The VanillaNetworkTypeahead provides a basic implementation for Network Typeahead using the three key techniques
Adjacency List, Bloom Filter and Forward Index in the presence of social network
such as professional network connections, friendship and followership. A person's network is
represented as an adjacency list (i.e. a mapping from a source ID to a list of target IDs).
There is no further information about how strong a relationship between two members can be.
So the concept of closeness is not available.

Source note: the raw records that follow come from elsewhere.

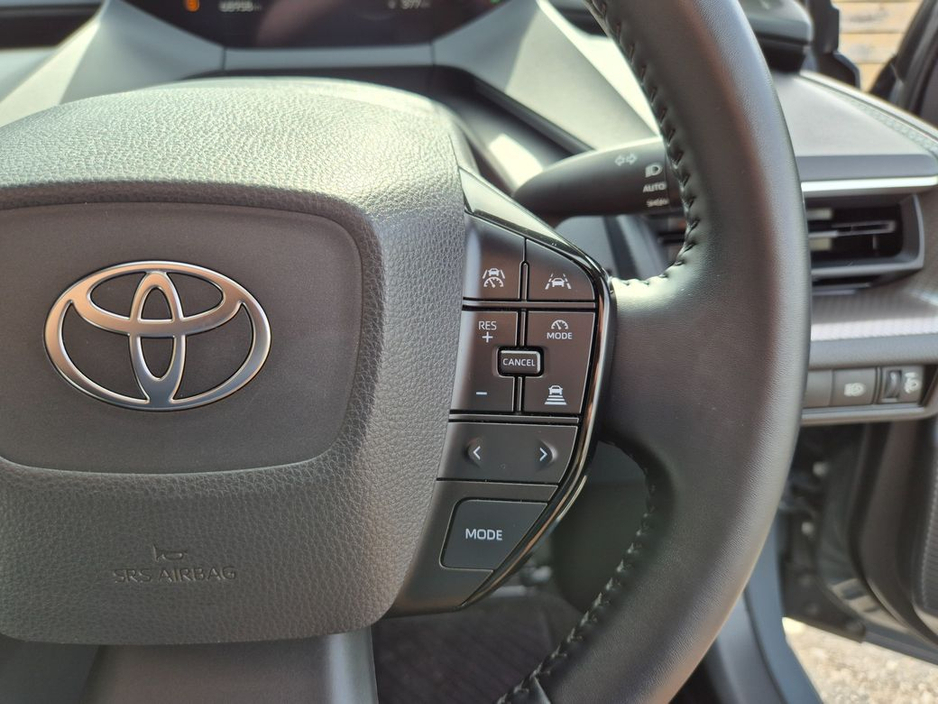 Toyota Prius 2.0 HEV / G-PACK HIGH SPEC / LOW MILEAGE / TAX €150 — thumbnail 19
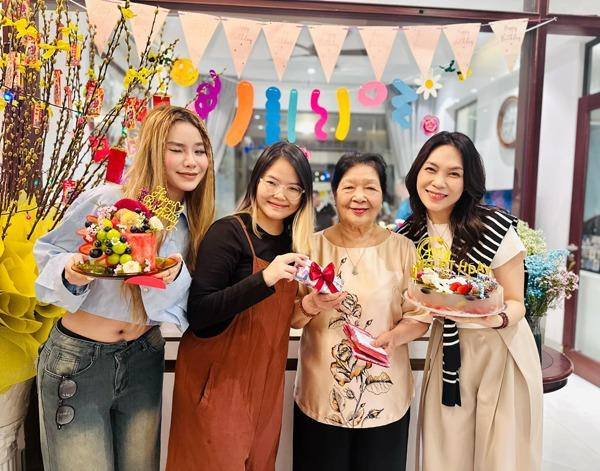 Mỹ Tâm luôn tự hào về mẹ.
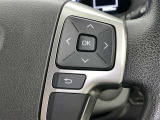 ステアリングスイッチ付き。前方から目を離すことなく操作することが可能です。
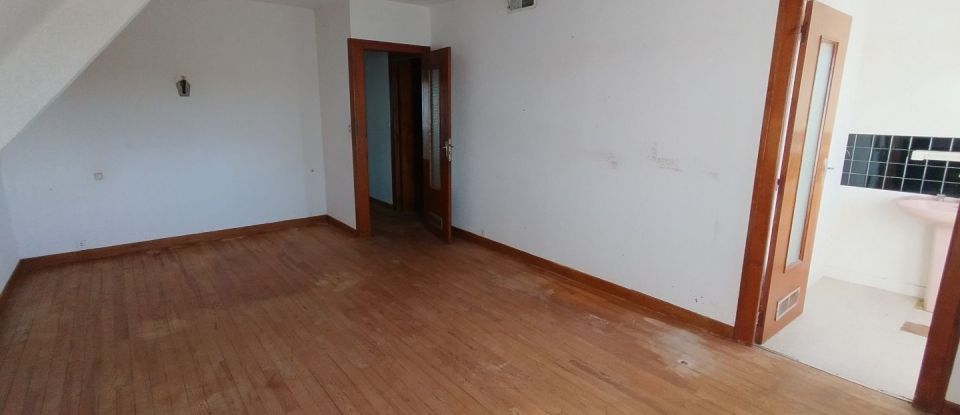 Maison 8 pièces de 130 m² à Pleumeur-Bodou (22560)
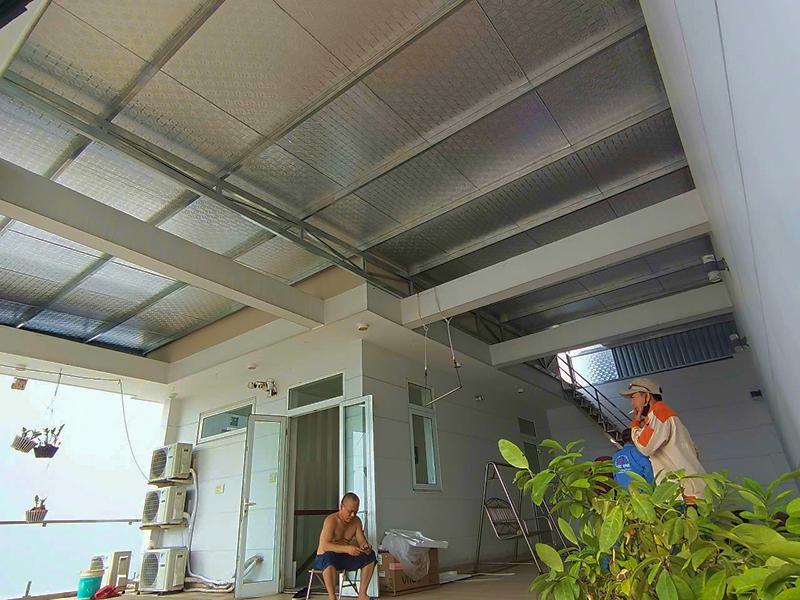 Nhu cầu tôn cách nhiệt tại Quận 3 chủ yếu đến từ công trình cải tạo mái, lợp mái nhà trọ, cửa hàng,..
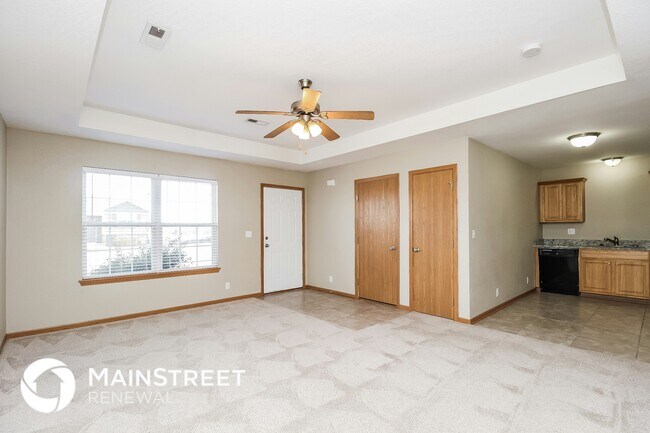 Building Photo - 211 Golfview Dr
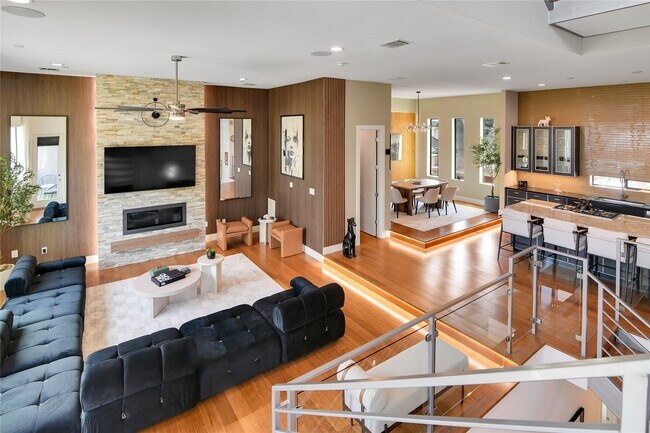 property at 1411 Hickory St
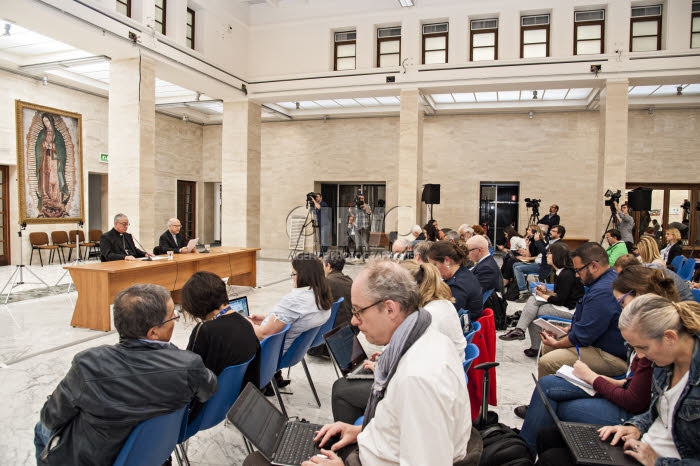 Pédophilie qui entache l'Eglise chilienne, conférence de presse des évêques chiliens au Vatican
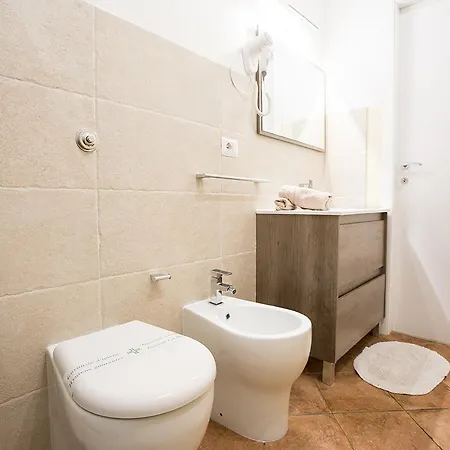 בית הארחה Cagliaritane Notti In Centro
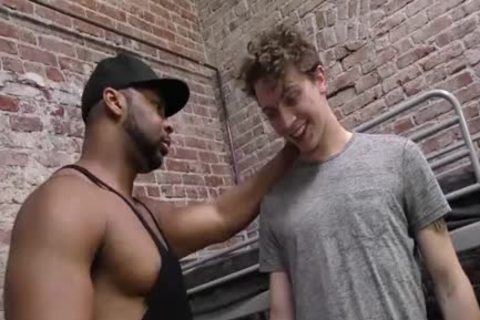 biggest darksome boyfrend nailing A Whiteboi In The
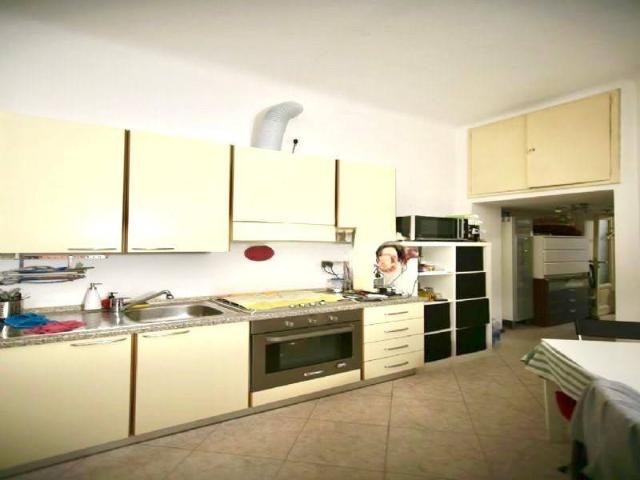 Appartamento in vendita a Milano MI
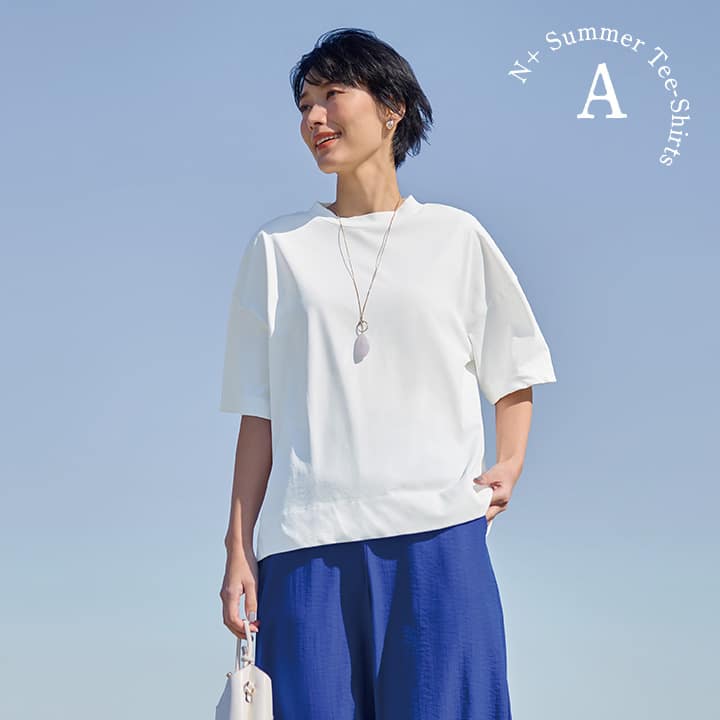 汗じみ防止UVカットプチハイネックTシャツを着た女性の画像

When evaluating a query from a searcher, the VanillaNetworkTypeahead retrieves and scans the searcher's
social network connections from the adjacency list, applies bloom filter to reject prefix mismatches, and
visits the forward index to reject false positive matches left by the bloom filter.
The WeightedNetworkTypeahead improves upon VanillaNetworkTypeahead by
extending Adjacency List with a integer weight defined for each social relationship in the list.
The closeness of a social relationship can be modeled and then used to rank typeahead search results for better
relevance. In fact, the LinkedIn 1st and 2nd degree network connections typeahead leverages the connection scores
from the PYMK (People You May Know) to make typeahead search results relevant.
When evaluating a query from a searcher, the VanillaNetworkTypeahead retrieves and scans the searcher's
social network connections from the adjacency list, applies bloom filter to reject prefix mismatches, and
visits the forward index to reject false positive matches left by the bloom filter. The typeahead search results
are collected and then ranked based on their corresponding connection scores from the adjacency list.